The Global Energy and Climate Outlook (GECO) 2021 takes stock of recent updates of national climate targets taking into account nationally determined contributions (NDCs) and national long-term net zero strategies. The report presents an in-depth analysis of global decarbonisation scenarios, with a detailed look on G20 countries, which have accounted for more than 75% of global GHG emissions since 1990.
For each of the G20 countries, the GECO 2021 assesses greenhouse gas (GHG) emissions scenarios for (i) current policies, (ii) announced national climate targets and (iii) global 1.5 °C pathways. Abatement options required to bring current national policies in line with ambitious climate policy targets are presented by sector and activity.

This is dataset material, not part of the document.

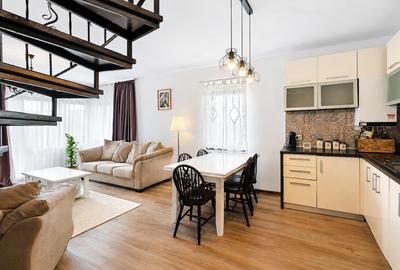 Apartament 3 camere pe doua niveluri | terasa | parcare | zona de case Tractorul - 22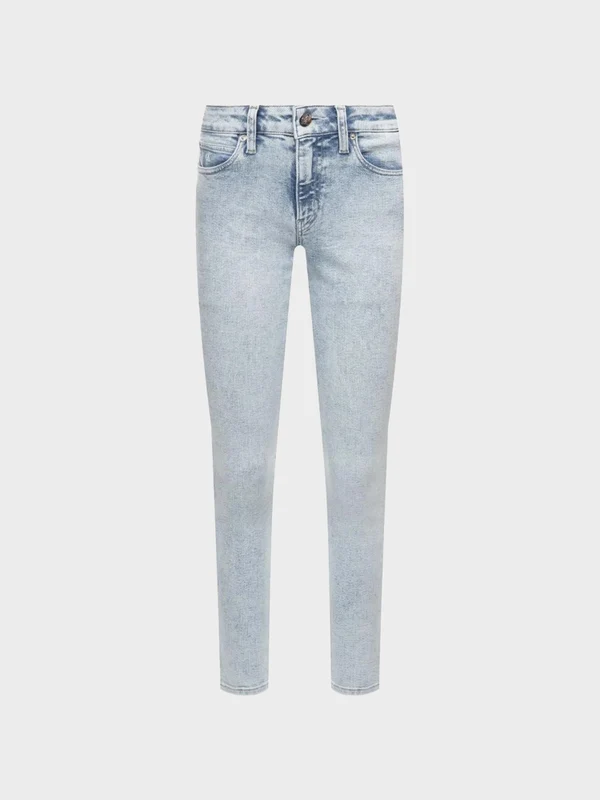 Calvin Klein Jeans - Women's Mid Rise Skinny Ankle Blue / 32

Delivering on long-term net zero emission targets would result in a temperature increase of about 1.8 °C by the end of the century. However, strong policy action is needed. Current policies may lead to a temperature increase of more than 3 °C; substantial additional efforts are still required to keep the temperature increase below 2°C and to reach the 1.5 °C goal of the Paris Agreement.
Projections with an energy-emissions model - using common socio-economic assumptions
Economic Multi-Regional Input-Output tables
The 2 °C target is within reach, with more net-zero emission pledges
The 2015 Paris Agreement establishes a policy framework in which countries submit their domestic targets to the United Nations Framework Convention on Climate Change (UNFCCC). Countries are invited to revisit these targets every 5 years – with the aim of ratcheting up the level of emission reductions. The first update of NDCs was scheduled ahead of COP 26 in Glasgow and many countries have indeed updated their NDCs, although not all of the updates have increased ambition; submissions up to 05 November 2021 and pledges made in COP26 are included in this report.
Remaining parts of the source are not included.